Today, I received a warning from Alibaba Cloud Security Center. A file scan reveals that wp-admin/network/theme-browse.php is likely a backdoor on one of the sites that I hosted. This article intends to record the findings and actions.
Immediately, I jump into confirming WordPress core’s integrity and confirm that these files should not exist:
$ wp core verify-checksums
Warning: File should not exist: wp-admin/network/test-file.php
Warning: File should not exist: wp-admin/network/manage-span.php
Warning: File should not exist: wp-admin/network/save-plugin.php
Warning: File should not exist: wp-admin/network/theme-browse.php
Success: WordPress installation verifies against checksums.

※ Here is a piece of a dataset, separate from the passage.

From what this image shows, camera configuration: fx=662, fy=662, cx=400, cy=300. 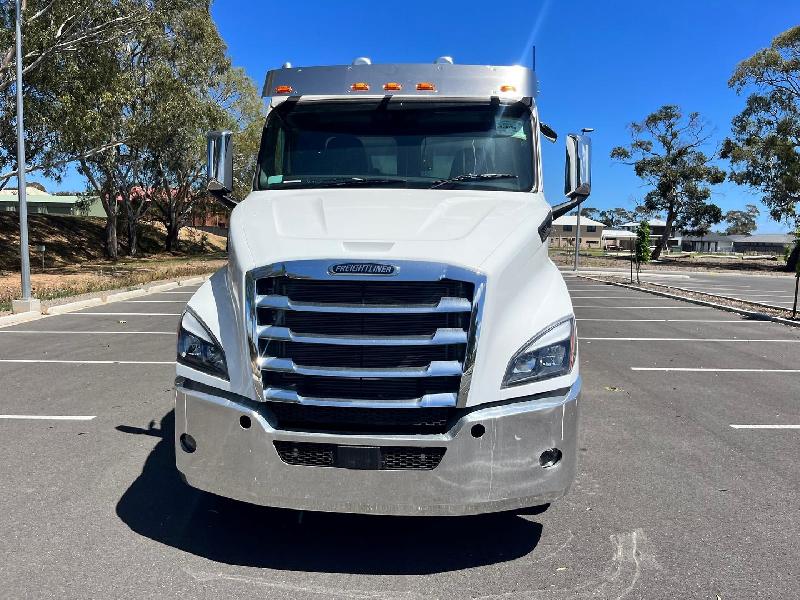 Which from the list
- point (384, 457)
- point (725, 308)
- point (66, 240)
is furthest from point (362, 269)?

I can confirm that theme-browse.php is 100% malicious and points to a currently unavailable domain:
$switch="http://ink***ure.com/wp-includes/SimplePie/theme-captures.php?pl=2";
Action taken to reinstall all core files within wp-admin:
wp core download --force
Postmortem:
stat -c 'Path=%n
Modify=%y
Change=%z
Birth=%w
Owner=%U:%G
Perm=%a' theme-browse.php
Path=theme-browse.php
Modify=2016-03-29 14:45:30.000000000 +0900
Change=2026-01-30 12:21:27.858473359 +0900
Birth=2023-11-05 01:30:41.978928785 +0900
This shows that the file was inserted back in 2023, while the attacker backdated it to look like an old 2016 file. Further checks of my legacy backup files show that these files did exist as far back as at least 2020. Therefore, the 2016 timestamp may be correct, and the hosted site was likely exploited long before it was moved to my managed environment.